◆ ABOUT THIS EXERCISE: Transcribe the following entries word for word; no picture is to appear in the copy.

━━━━━━━━━━━━━━━━

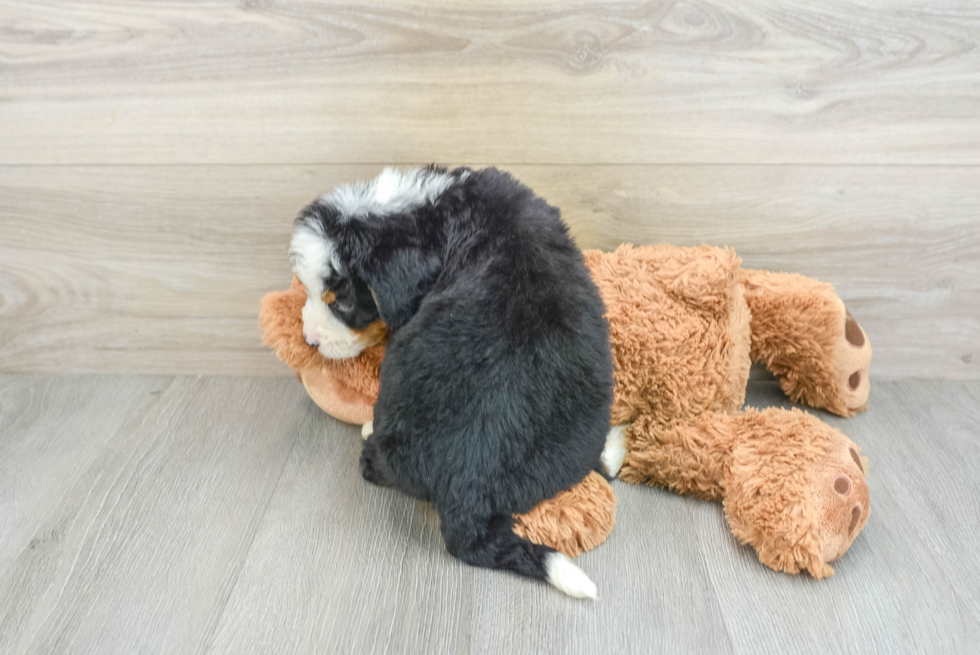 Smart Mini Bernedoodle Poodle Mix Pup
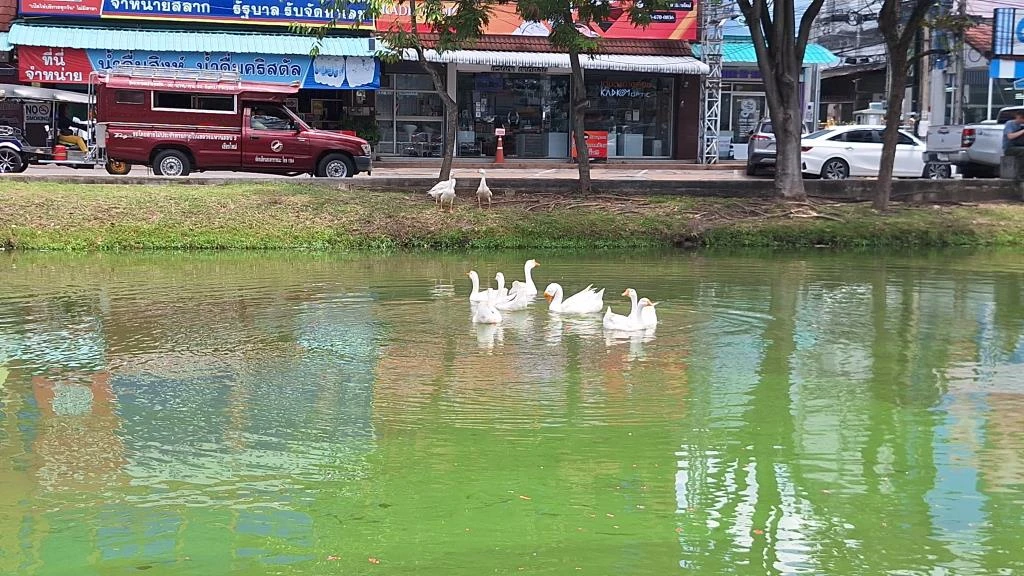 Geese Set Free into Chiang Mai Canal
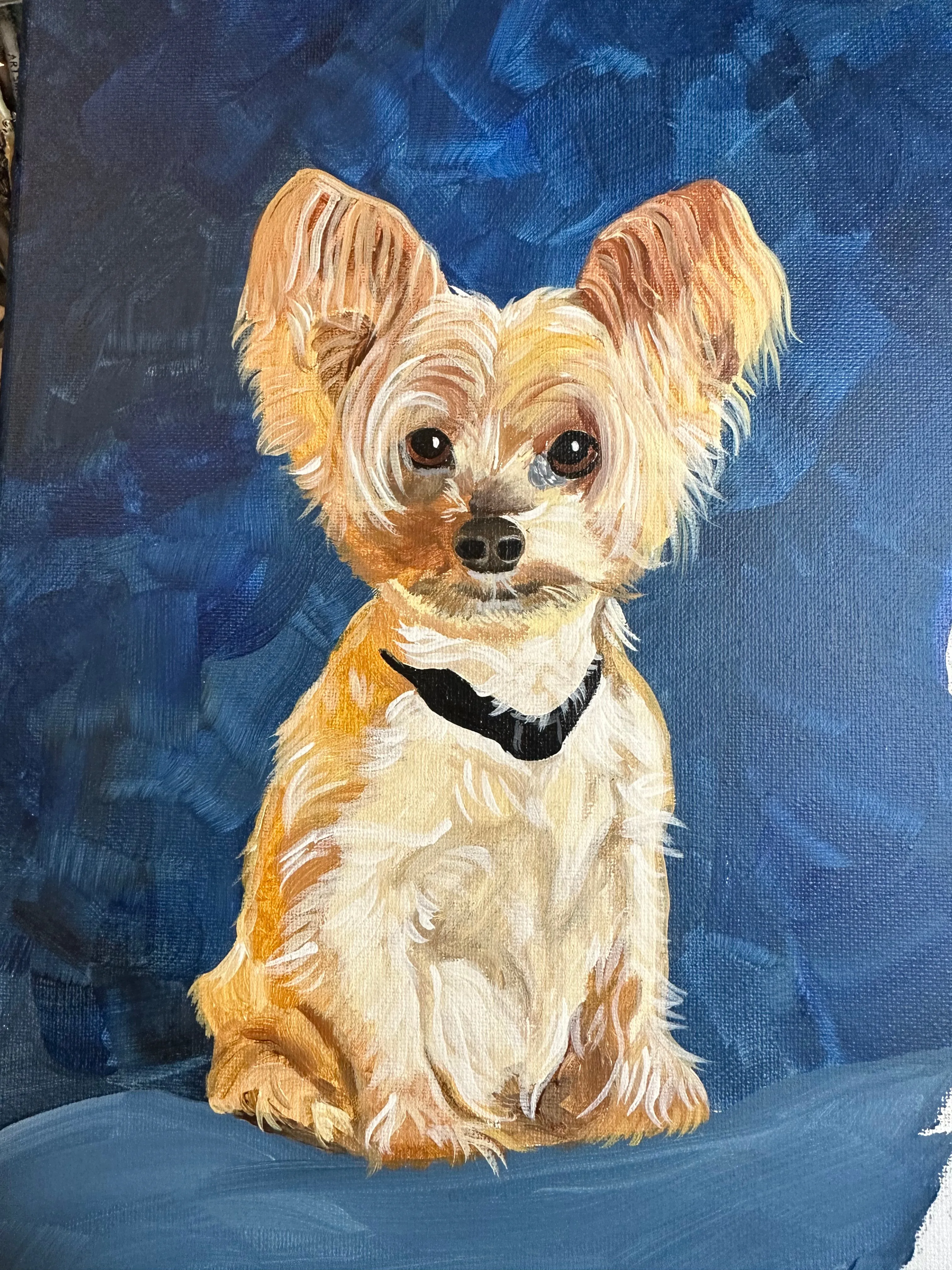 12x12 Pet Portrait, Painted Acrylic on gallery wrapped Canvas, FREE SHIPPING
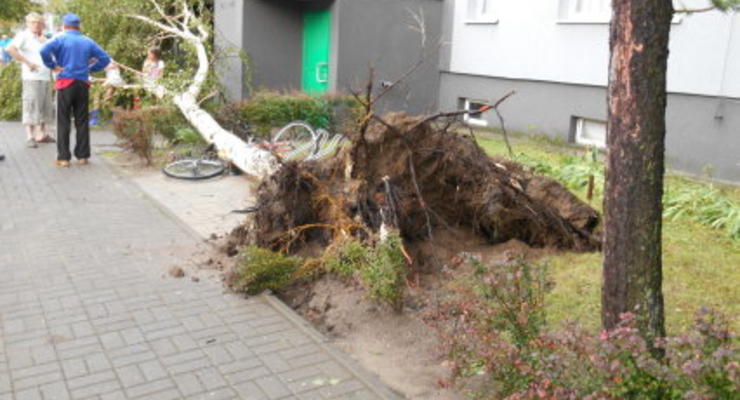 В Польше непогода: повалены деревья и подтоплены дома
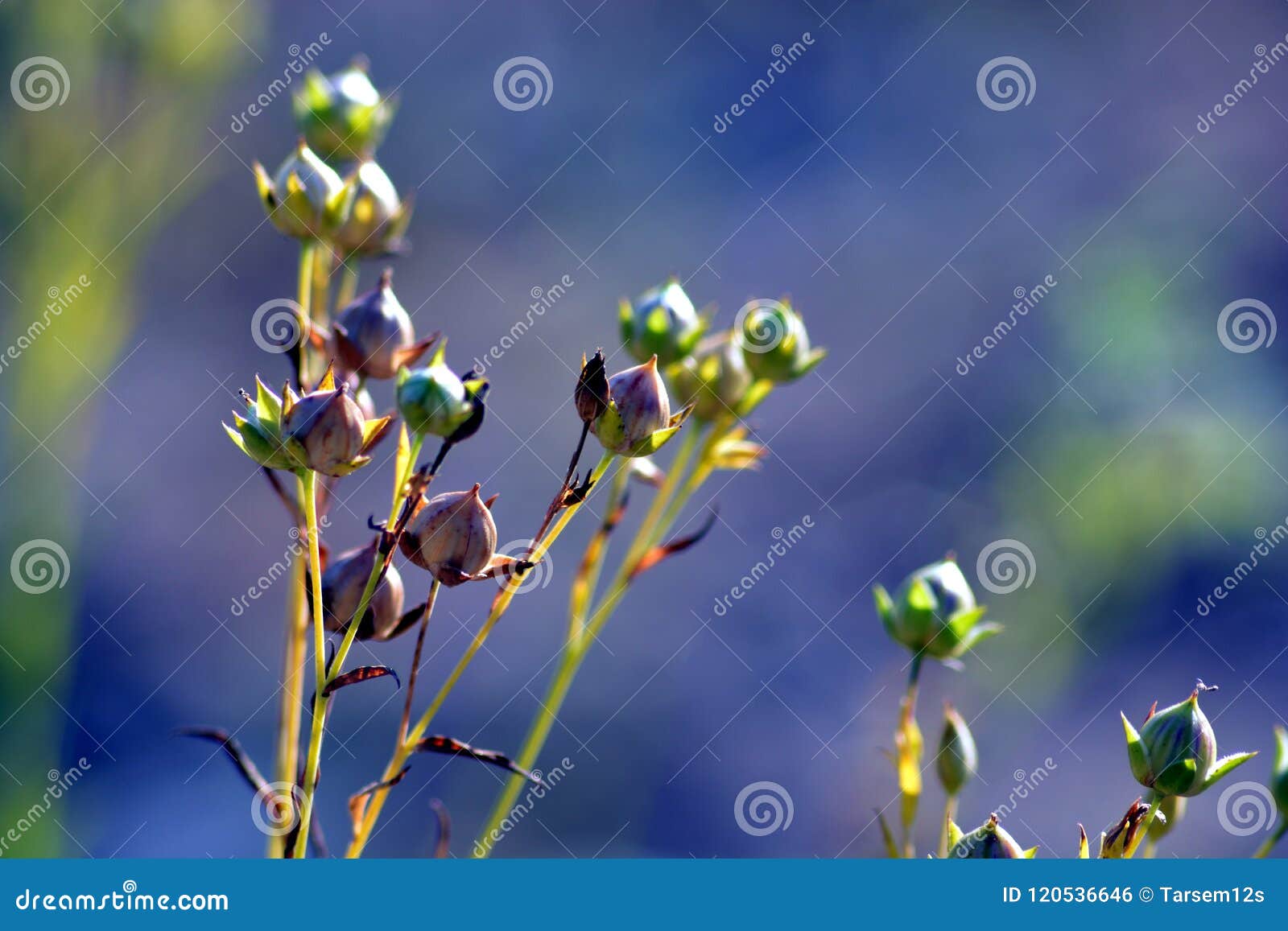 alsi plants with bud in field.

━━━━━━━━━━━━━━━━

◆ ANSWER FOR THE TASK:
 Smart Mini Bernedoodle Poodle Mix Pup
 Geese Set Free into Chiang Mai Canal
 12x12 Pet Portrait, Painted Acrylic on gallery wrapped Canvas, FREE SHIPPING
 В Польше непогода: повалены деревья и подтоплены дома
 alsi plants with bud in field.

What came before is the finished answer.